Now, when we put it all back together with the same wires & everything, we can’t keep the sprocket from slipping on the chain unless we hold our fingers down on the chain to keep it on the sprocket.
We’ve tried several new approaches over the last day and a half but nothing seems to be working except our age-old nylon rope + wench setup. To be honest, I want to keep at this the new way until the very last second (basically that means the programmers need it). I probably have about 3 more hours to work on it before I’m completely overruled due to other teams needing the bot. I know teams have succeeded in the past in using a chain + cable wire setup, or even a pulley + belt setup, to lift an elevator.
Chain tensioners are needed to adjust the chain as it stretches. Sounds like your chain is too long. Or it might be that you do not have enough wrap around your sprockets. You could use some Delrin guides to make sure the chain wraps around at least 50% of the teeth.
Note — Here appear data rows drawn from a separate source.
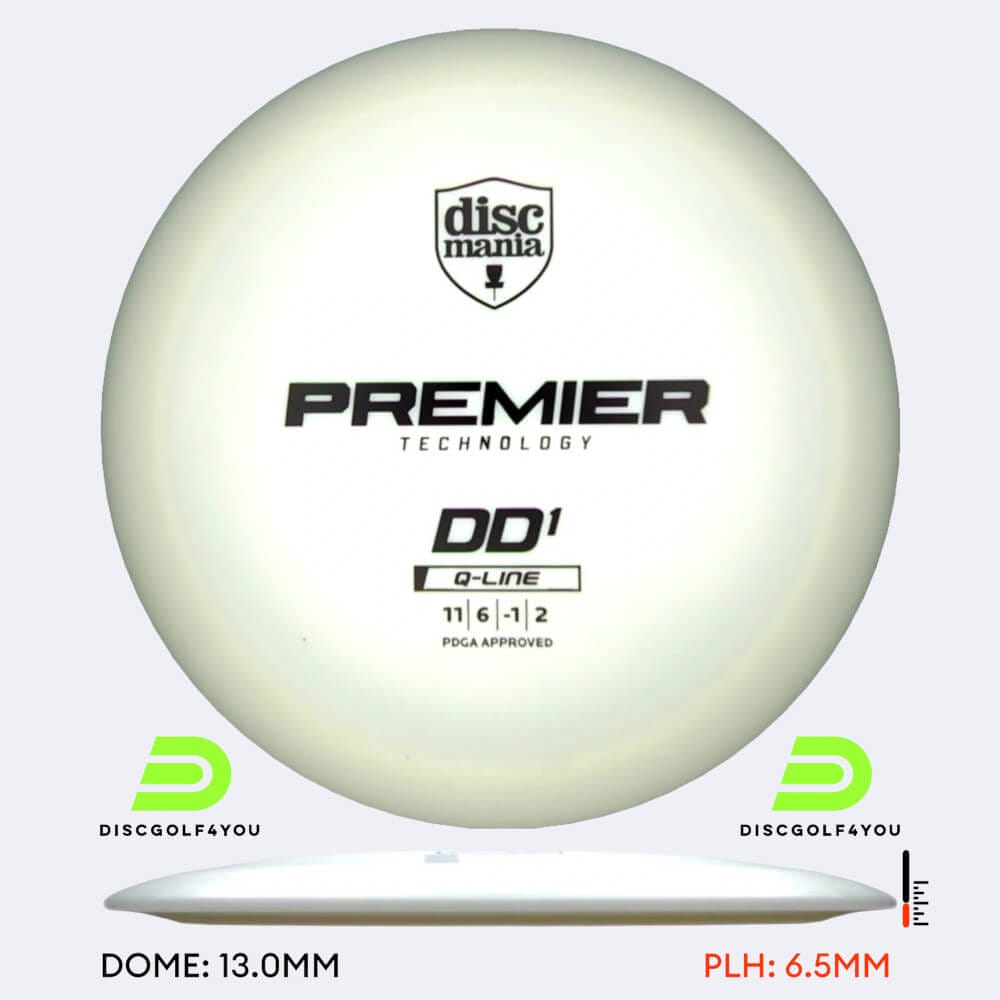 Discmania DD1 in weiss, im Q-Line Kunststoff und ohne Spezialeffekt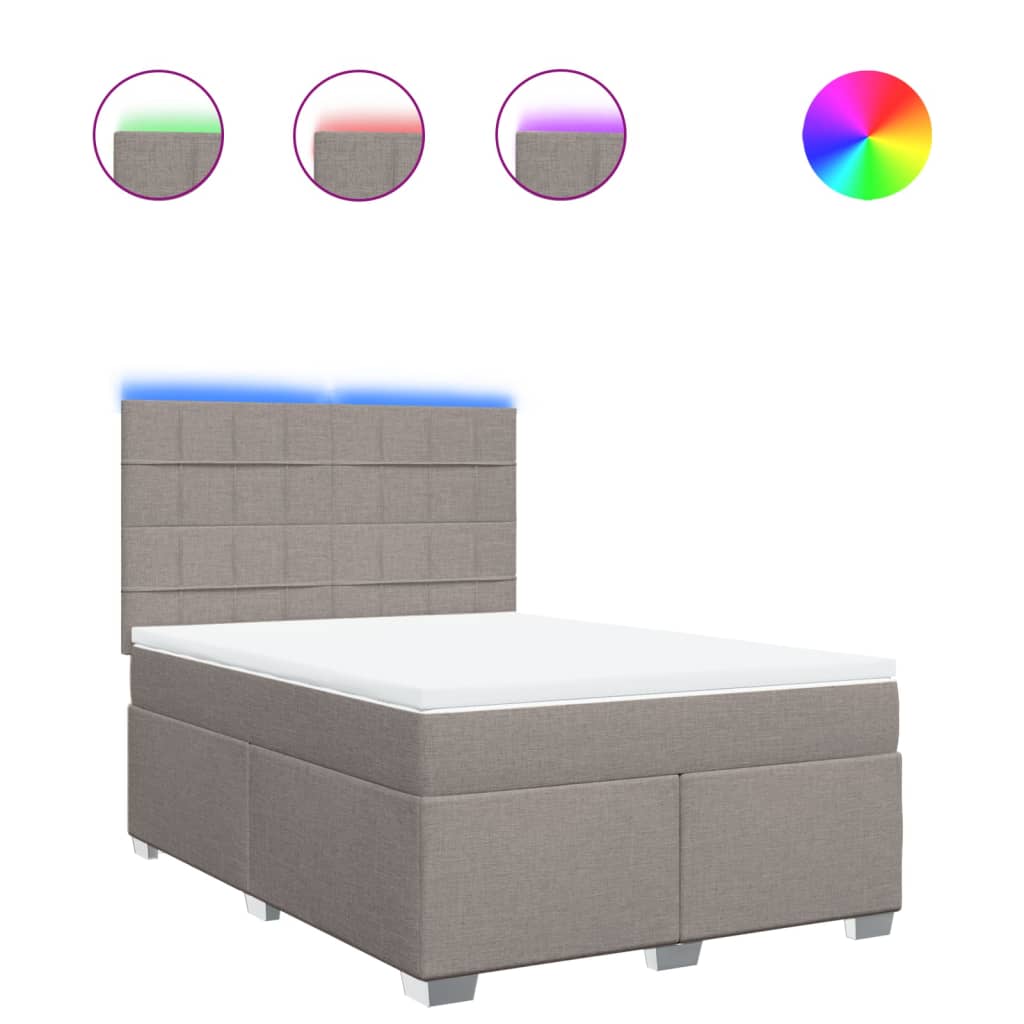Sommier à lattes de lit avec matelas Taupe 160x200 cm Tissu - XIOS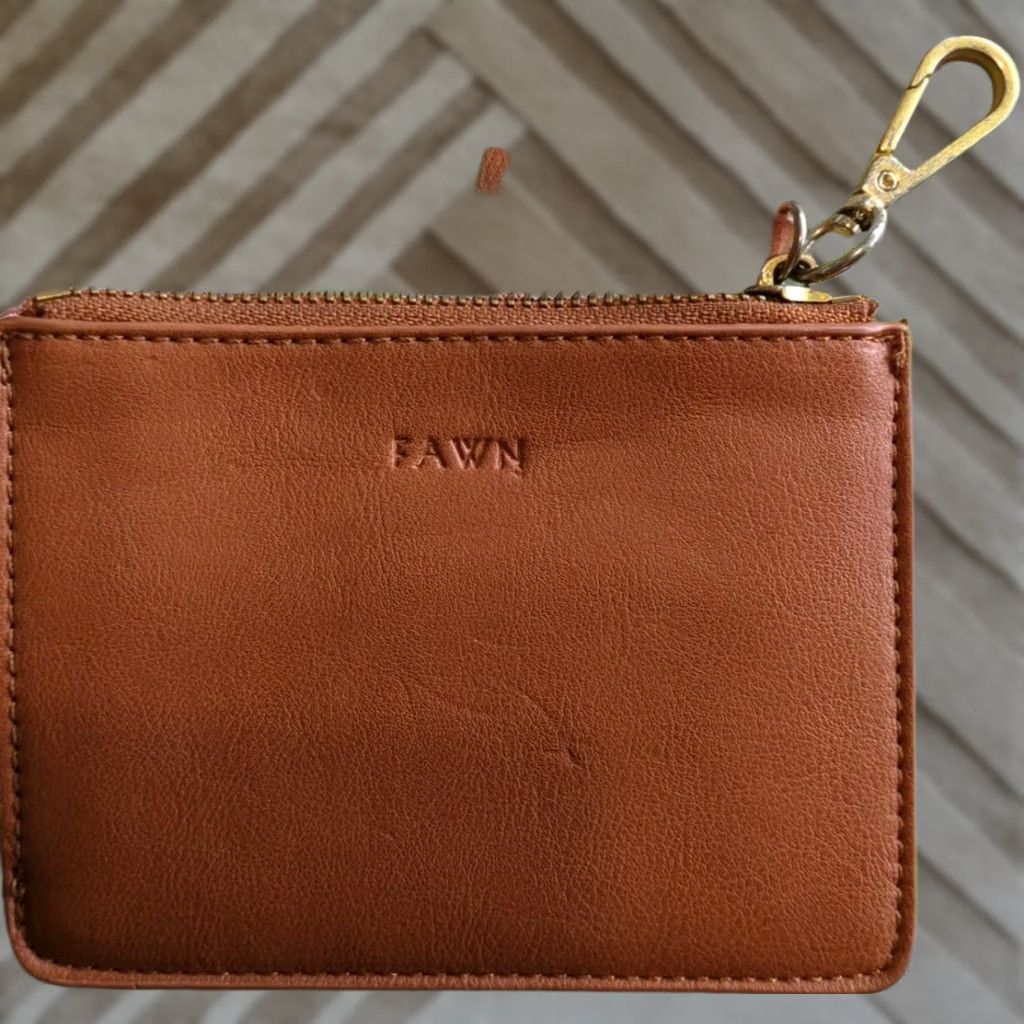 Vintage Fawn Design Tan Leather Wallet Clip On Women’s Accessories Wristlet Clip On Leather Tan Women’s Wallet Size ONE SIZE - 1 Thumbnail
Post a picture.
If you could post a picture of the chain system, it might help us think of things to do.
Older design garage door openers use a chain and cable loop, that has a spring tensioner in it. If you think that might help you, I can take some pictures of one. But it sounds like you don’t have a fixed length loop, you just have too much friction causing the chain to jump over the sprocket.
Powder coating changes the dimensions of everything…
Just got done with a 15 hour robot day…man we got so much done today…
We inlined the sprocket so the chain coming off both sides is exactly vertical. We then made a hardware store run and bought varying full-threaded eyebolts, made a new mount, and tensioned the crap outta both sides of the chain. It’s still holding and hasn’t slipped since we first did it. We DO have an interesting video with pretty cool real-life sound effects of what happens when the chain pops off the sprocket when the lift is at full height though…that was fun…
Thank God, that one part alone wasted us 36 build session hours! It’s our first real elevator and man I’m glad it’s over. After that every other piece only took an hour or two to integrate onto the lift and bot and it looks like we’ll make Monday night.
edit: When at full height, the chain was bowing the elevator backwards, if you can picture that. Then, on the way down, the chain would pop off. To fix it, we had to fine tune our mounts and move the sprocket, pulley at the top, and all tensioners to about 1/8" or less from the gearbox on the output shaft or corresponding mounting surfaces. Wish this was in an elevator FAQ somewhere.